According to the Berlin-based European Center for Constitutional and Human Rights, Israilov had reported that he had been repeatedly tortured by Kadyrov and had served as a chief witness in court proceedings against Russia before the European Court of Human Rights. His accounts had also formed the basis of a criminal complaint against Kadyrov on charges of torture and attempted duress filed by Austrian lawyers in June 2008.

On Monday, Jarosch confirmed that investigators had found a connection between Kaltenbrunner and Shaa Turlayev, a close adviser to the Chechen leader.

The Austrian official said an electronic airplane ticket and a copy of Turlayev’s passport were found in Kaltenbrunner’s car and that Turlayev had traveled to Vienna from Moscow two and a half months before the killing.

Kaltenbrunner was among the men who met him at the airport, Jarosch said.

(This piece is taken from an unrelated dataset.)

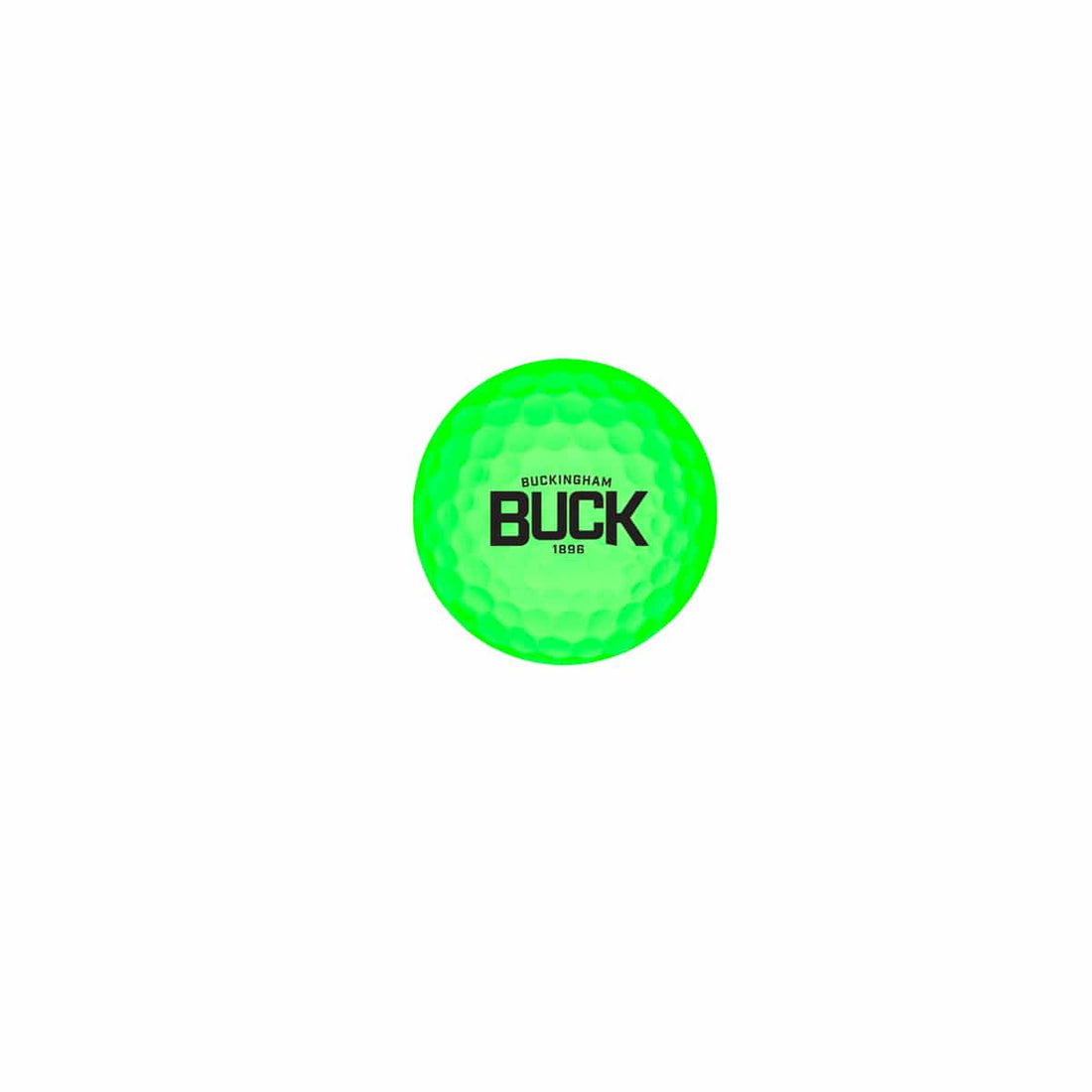 Buckingham Buck Callaway Supersoft Golf Ball (3 Pack) GolfBall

Another was Lecha Bogatirov, a suspect in the case who managed to flee.

Lennart Binder, the lawyer for Dadayev, who allegedly drove the getaway car after the killing, told The Associated Press on Monday that his client was told he would be participating in a kidnapping — not a murder — because Israilov owed Chechnya’s president $300,000.

Austrian authorities have been criticized for not providing Israilov police protection prior to his assassination after having been warned that his life was in danger.

The warning in the summer of 2008 came from a man who claimed he had been hired by Kadyrov to kill Israilov but then had second thoughts and told police. The purported hit man’s allegations could not be confirmed and he was later deported to Russia.